Heidi Ballard
Leading at the Intersection of Science, Education and Social Justice
Coming from a long line of teachers, Heidi Ballard was sure of one thing when she entered college: she was not going to become a teacher. Five years later, she found herself teaching high school biology.
“My mother always warned me not to become a teacher; you work too hard and the pay is too low,” said Ballard. But after earning a BA in biology and an MA in science education, Ballard earned a teaching credential at Stanford University.
“During college, I went with a friend to the Earth Island Institute and saw all these posters on the damage tuna fishing does to dolphins, and I became absolutely passionate about conservation issues,” said Ballard. “I went back to school looking for every environmental class I could take.”
The more she studied, the more she realized how much environmental issues reach beyond science to include issues of culture, society and economics.
“I went home thinking I was really going to shock my mother with the news that I was going to pursue environmental sciences in some way,” said Ballard. “My mom just laughed and reminded me that I read Ranger Rick and World magazine every night as a kid. She wasn’t surprised at all,” said Ballard.
In her senior year of college, Ballard studied at Oxford while working on her MA in science education.

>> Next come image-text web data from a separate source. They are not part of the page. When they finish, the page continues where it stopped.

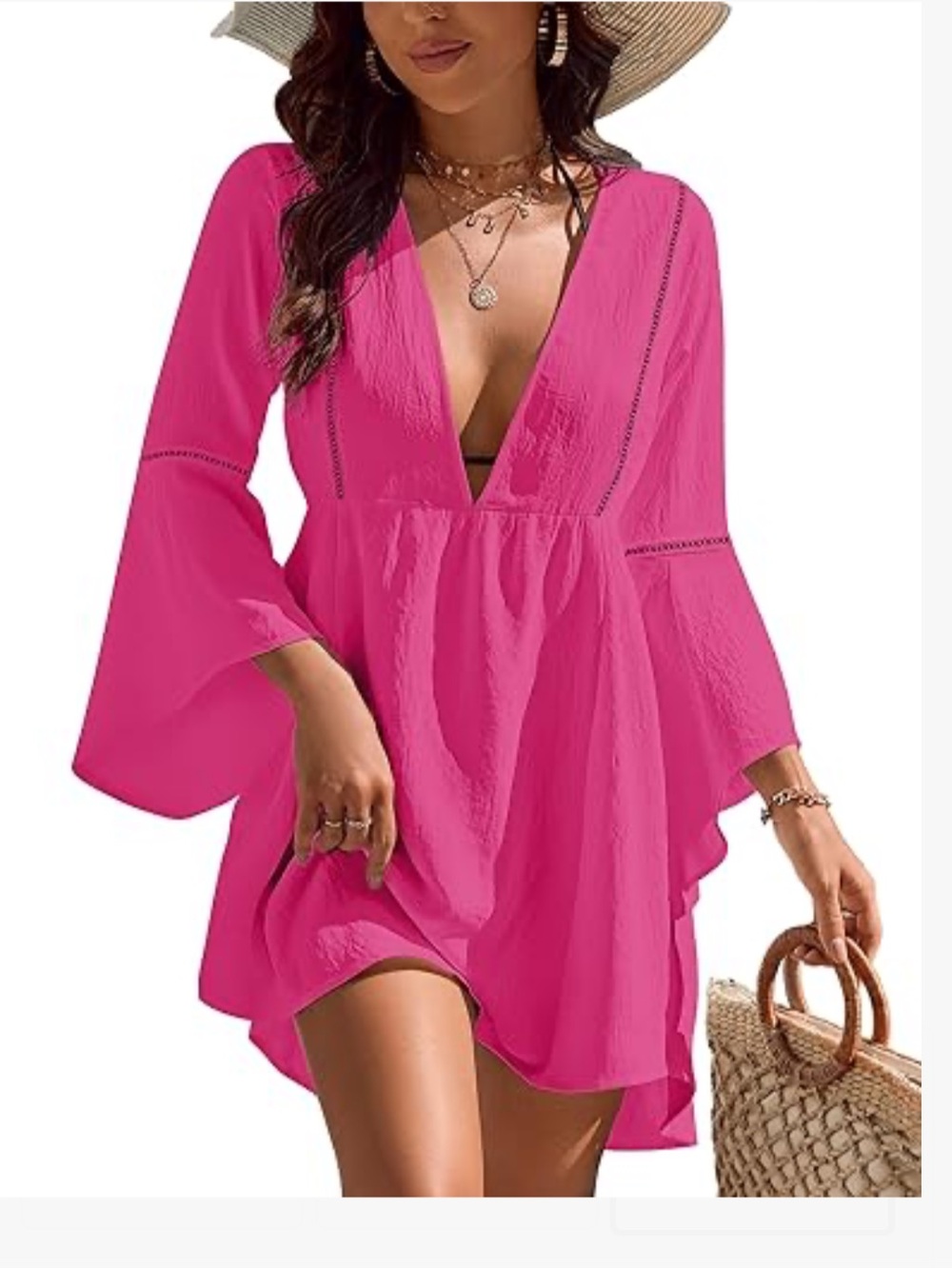 Blooming Jelly Womens Swimsuit Coverup V Neck size L - Picture 2 of 6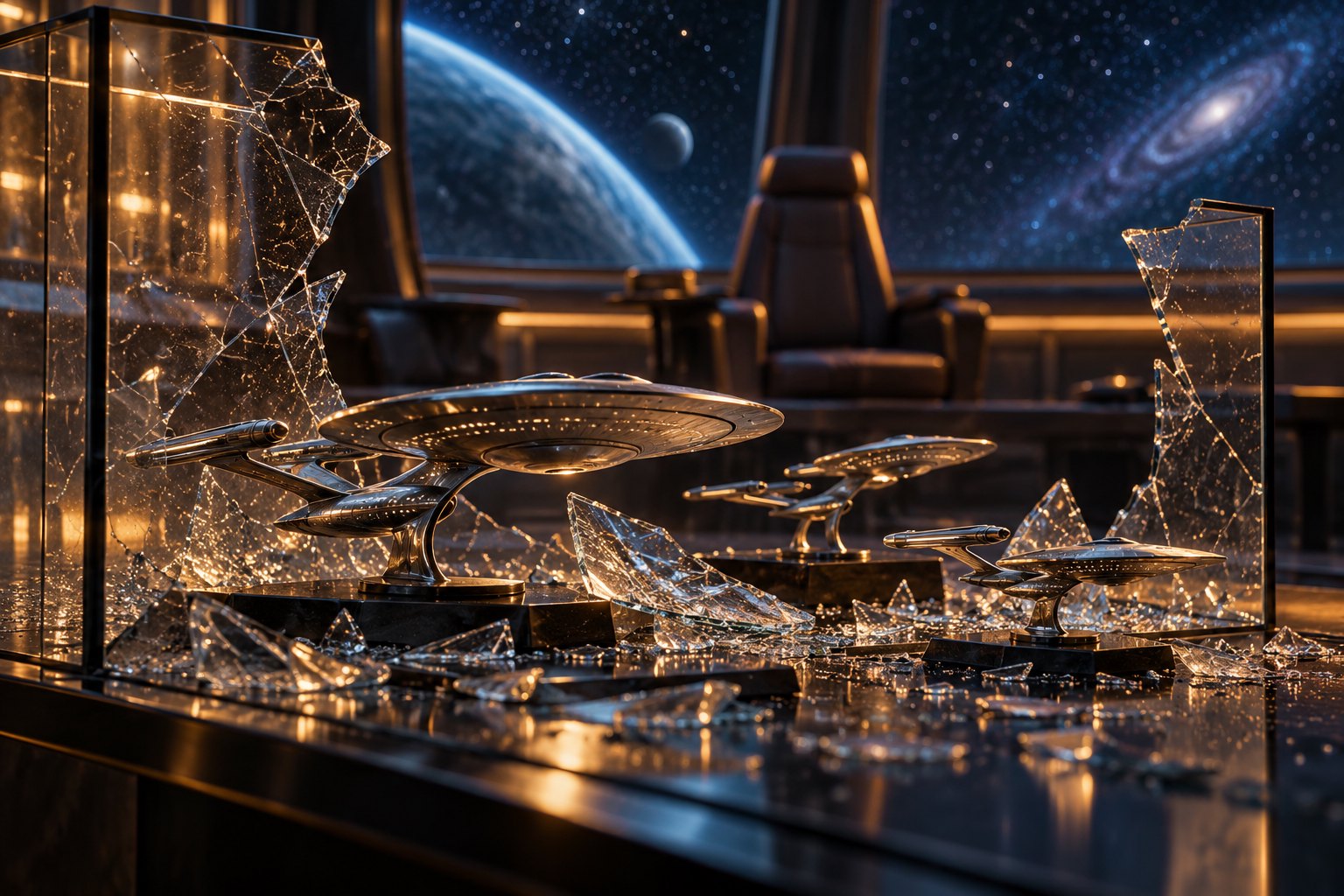 Conceptual illustration of silver spacecraft models surrounded by shattered display glass, with an empty captain’s chair behind them.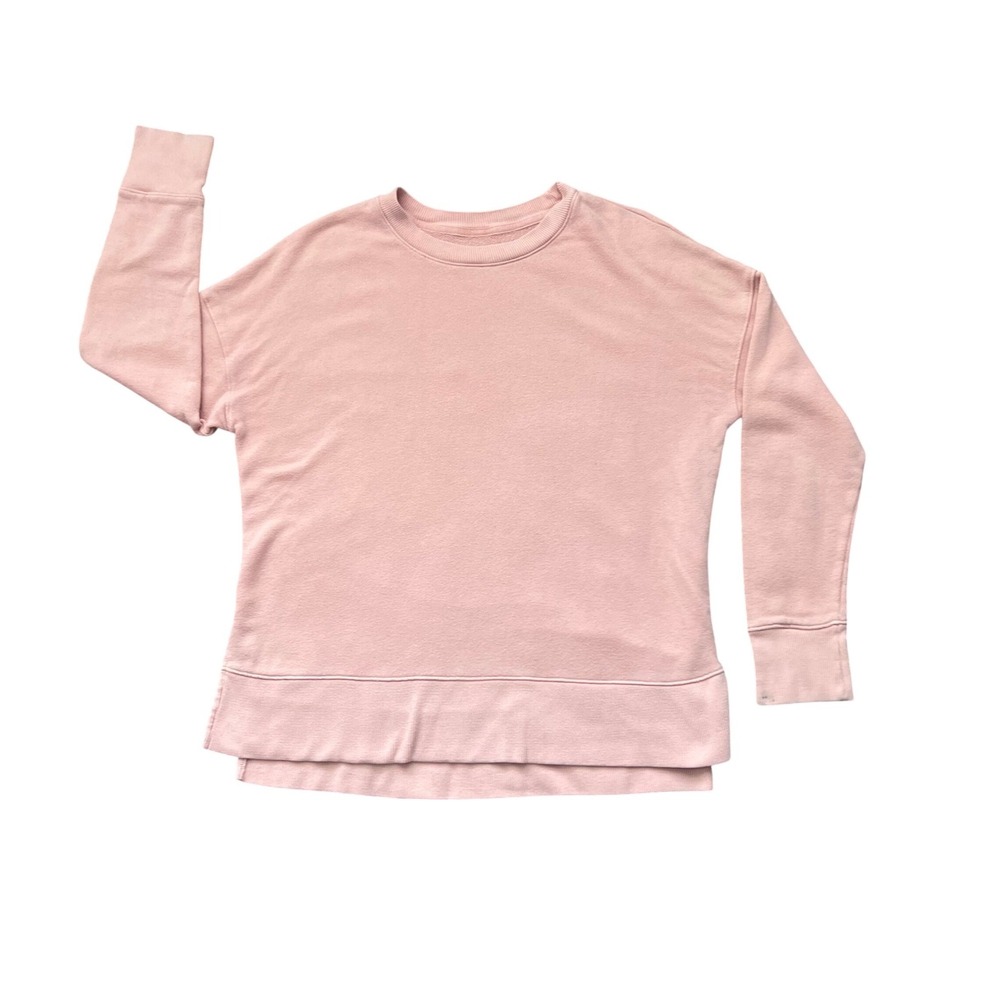 Time and Tru Womens Pink Crewneck Sweatshirt Medium 8-10 High-Low Hem (0942)
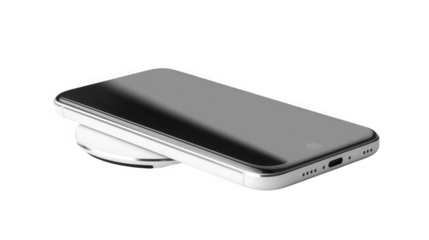 Smartphone charging wirelessly on a white pad against a dark studio background on transparent background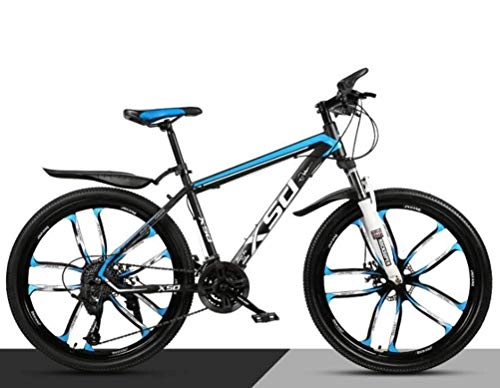 Mountainbike : WJSW Mountainbike 26 Zoll Stoßdämpfung Kohlenstoffstahl Variable Geschwindigkeit, City Road Fahrrad (Farbe: Schwarz blau, Größe: 24 Geschwindigke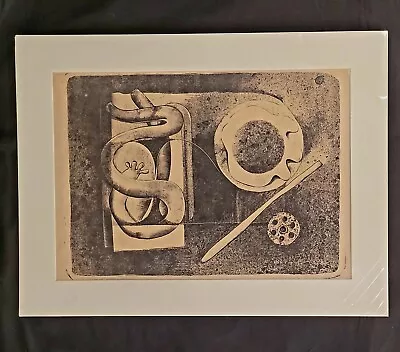 Unframed Mid Century Modern Vintage Lithograph Signed Dated 1965 Abstract • $80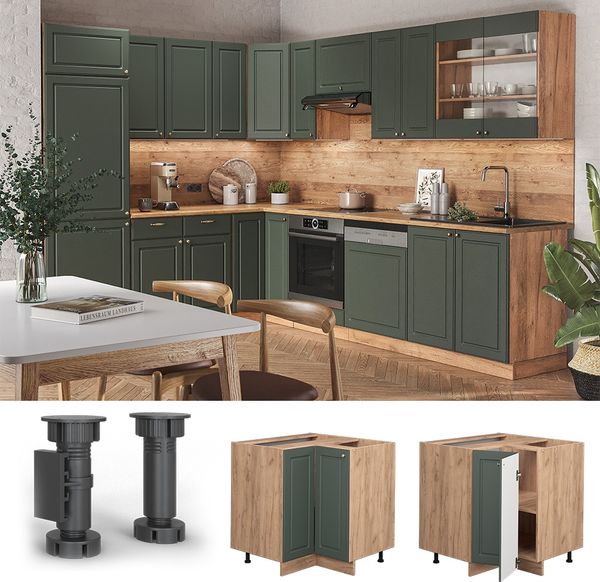 Eckunterschrank Fame-Line Grün-Gold Landhaus 80.5 cm ohne Arbeitsplatte Vicco Bild 2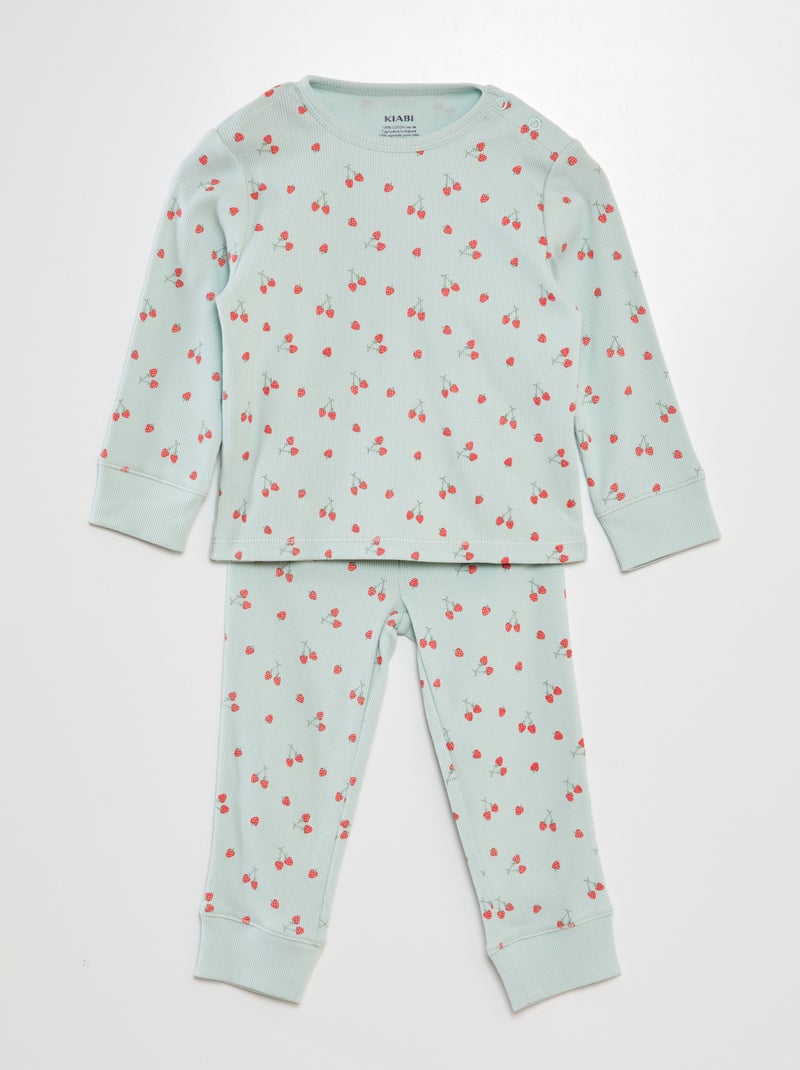 Conjunto de pijama nervurado - 2 peças AZUL - Kiabi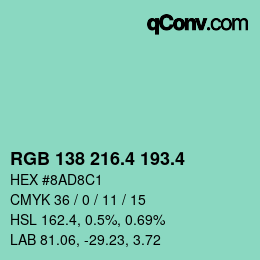 カラーコード: RGB 138 216.4 193.4 | qconv.com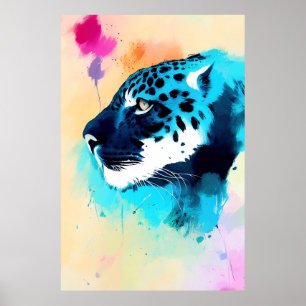 Affiche Jaguar Wild Nature Animal Color Art Peinture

“I still wasn’t sure I wanted to be a teacher.” But a talent in curriculum development led a mentor, Mary Budd Rowe, to suggest she earn a credential. Ballard eventually wound up teaching at a high school in Palo Alto for nearly five years.
“It was fantastic,” said Ballard. But after traveling to Costa Rica for a summer-intensive course in conservation biology and working on another MA in botany, Ballard caught the research bug and decided to pursue a PhD.
“It was hard to leave my high school students, but friends convinced me that I could still have an impact on young people as a college teacher,” said Ballard.
At UC Berkeley, where Ballard earned a PhD in Environmental Science, Policy and Management in the College of Natural Resources, she really found her calling.
“I got really interested in the management aspects of my field,” said Ballard. “That is where the intersection of environmental science and people come together. For instance, any time you decide to leave a piece of land undeveloped, you are managing that land. It’s all about choices. There are a huge set of environmental issues that can be looked at in this way.”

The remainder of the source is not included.